[Start of section]
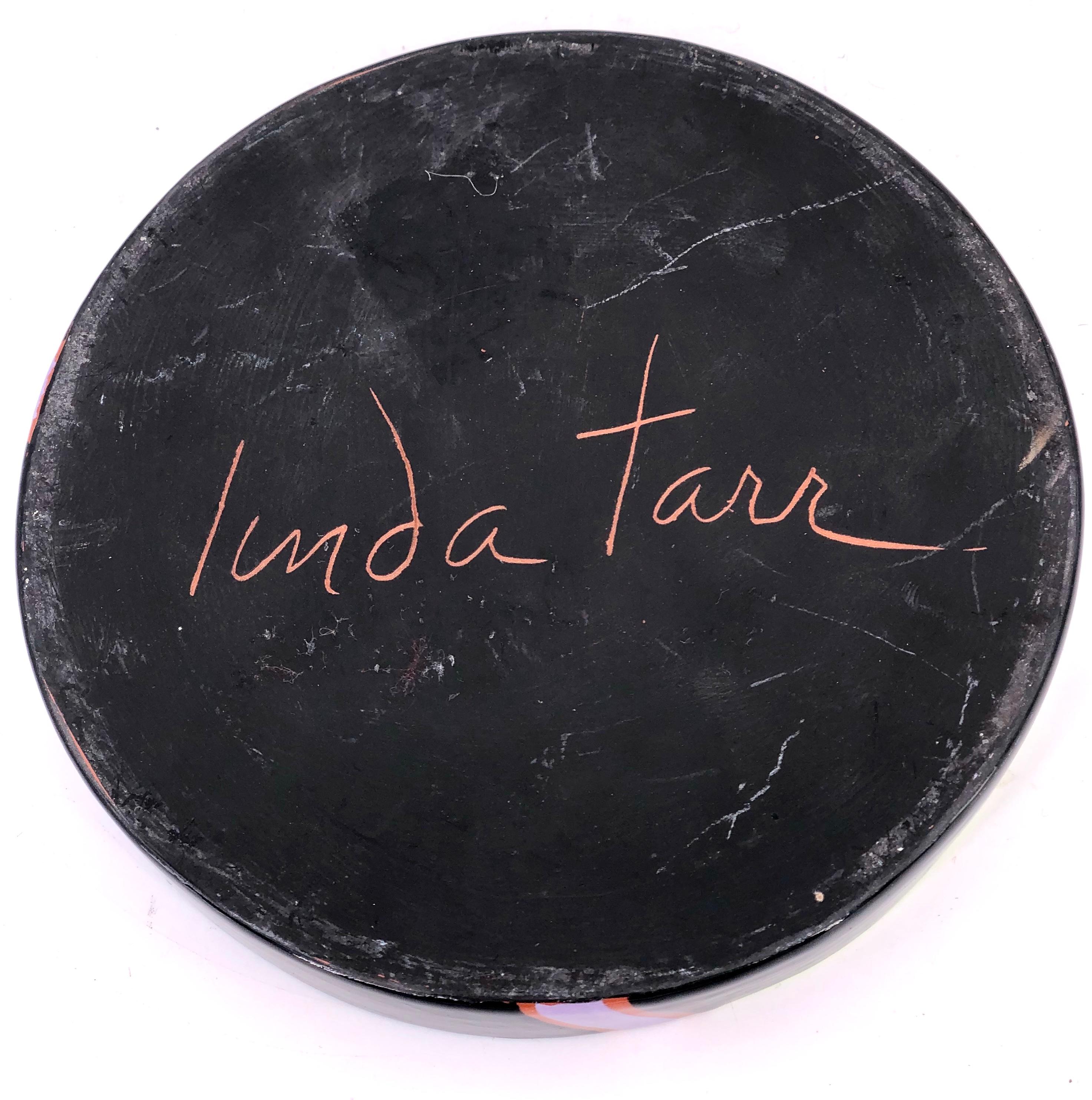 Américain Bol bas décoratif en céramique postmoderne de Linda Tarr, artiste en vente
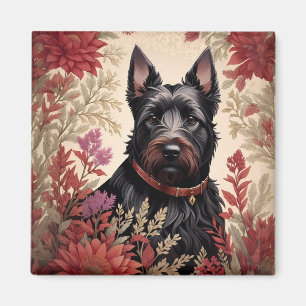 Imán Retrato elegante de perro de terror escocés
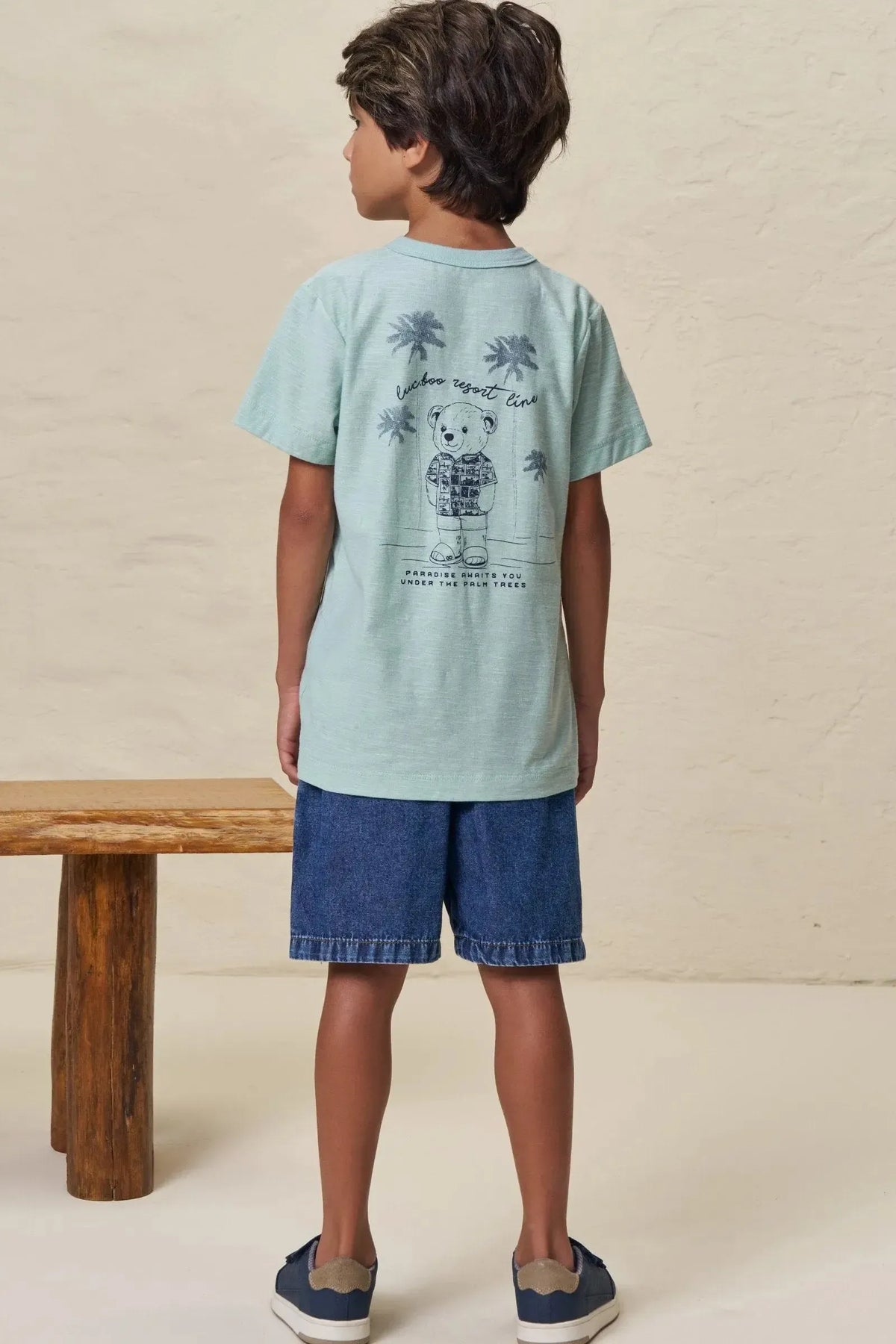Conjunto de Camiseta em Meia Malha Flamê e Bermuda em Jeans Teca 99063 LucBoo Infantil Menino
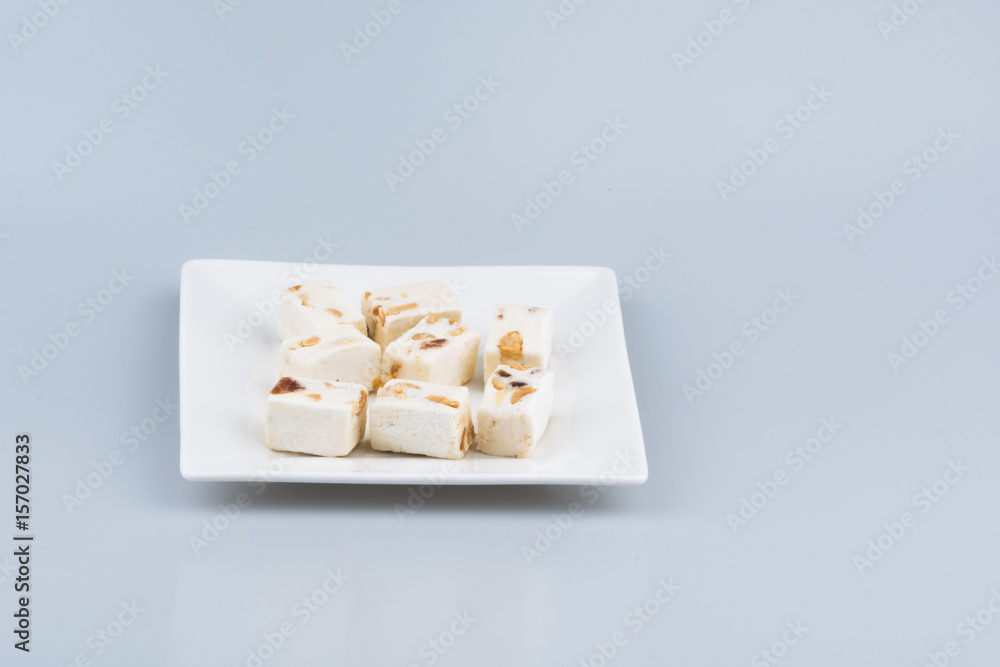 Isolated nougat  in a plate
[End of section]
◆ Task requirements
Copy the data word for word, no pictures.

◆ Answer to the problem
 Américain Bol bas décoratif en céramique postmoderne de Linda Tarr, artiste en vente
 Imán Retrato elegante de perro de terror escocés
Conjunto de Camiseta em Meia Malha Flamê e Bermuda em Jeans Teca 99063 LucBoo Infantil Menino
 Isolated nougat  in a plate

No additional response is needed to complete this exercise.